The drop in employment is primarily due to three factors: 1) deteriorating consumer demand for in-person services because of the acceleration in the spread of the virus; 2) the growing stringency of state and local governments' pandemic-related policies; and 3) consumers' growing fears over getting infected. Consumer spending was already down in November, partly driven by lower spending on restaurants and hotels.

The in-person services industries were also the hardest-hit in today's jobs report. Much of the drop – 372,000 jobs – came from restaurant and bars. Amusements, gambling & recreation industries shed seven percent of their jobs in one month. The large drop in the number of jobs in in-person industries more than offset solid gains in the rest of the labor market.

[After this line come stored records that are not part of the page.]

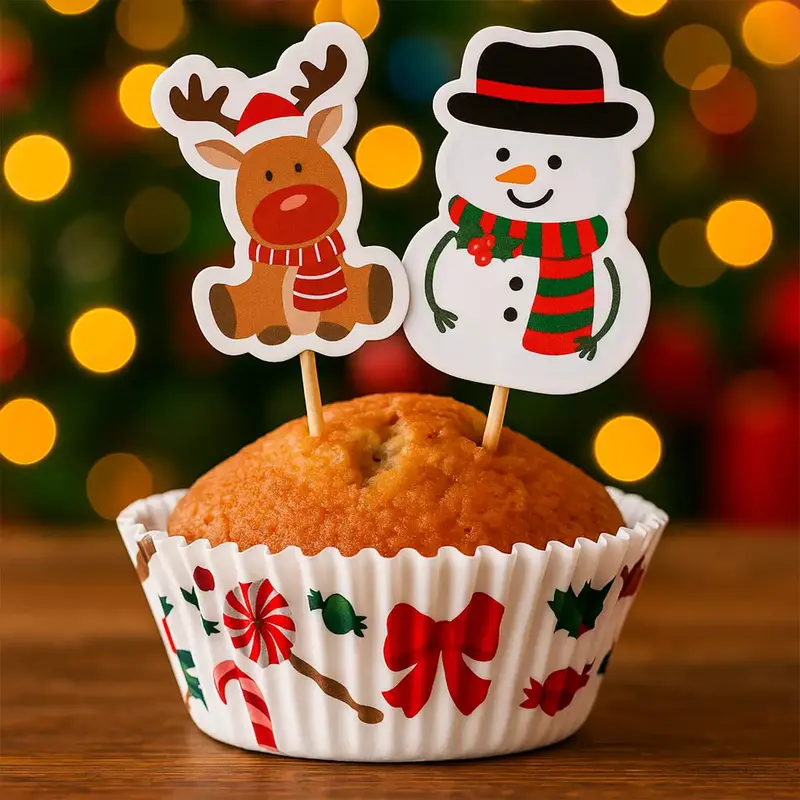 Set Navideño De Capacillos Y Palillos Decorativos Para Cupcakes, Reno 1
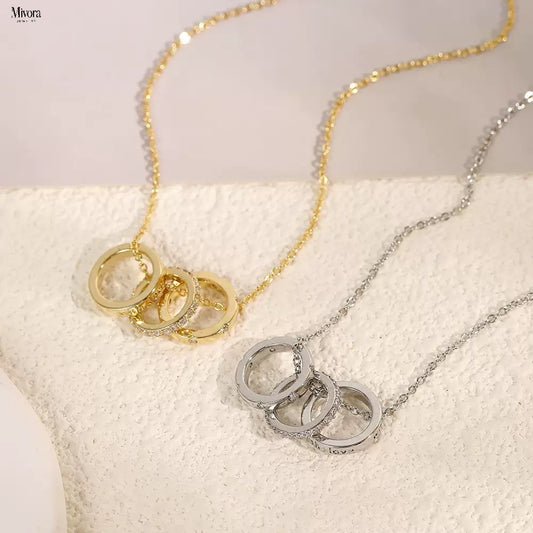 Mivora® TRIPLE RING PAV NECKLACE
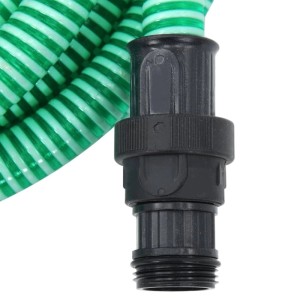 vidaXL Saugschlauch mit PVC-Anschlüssen Grün 10 m PVC 151072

In the next 1-2 months, we should not expect good news about the spread of the virus. If Europe is any guide, the number of infections could significantly increase. On the upside, the faster than expected fiscal support is providing a larger than expected income boost to consumers. But due to the deteriorating pandemic conditions, these additional funds are unlikely to be directed towards in-person services. These industries are likely to continue to shed jobs, especially in food services. The combination of restrictions on indoor dining and the colder temperature preventing outdoor dining will continue to hurt restaurant jobs for the rest of the winter.

Overall, the drop in employment in in-person services could more than offset the increase in other industries, and lead to a decline in the number of jobs in the US in January-February. The unemployment rate should slightly increase during that period.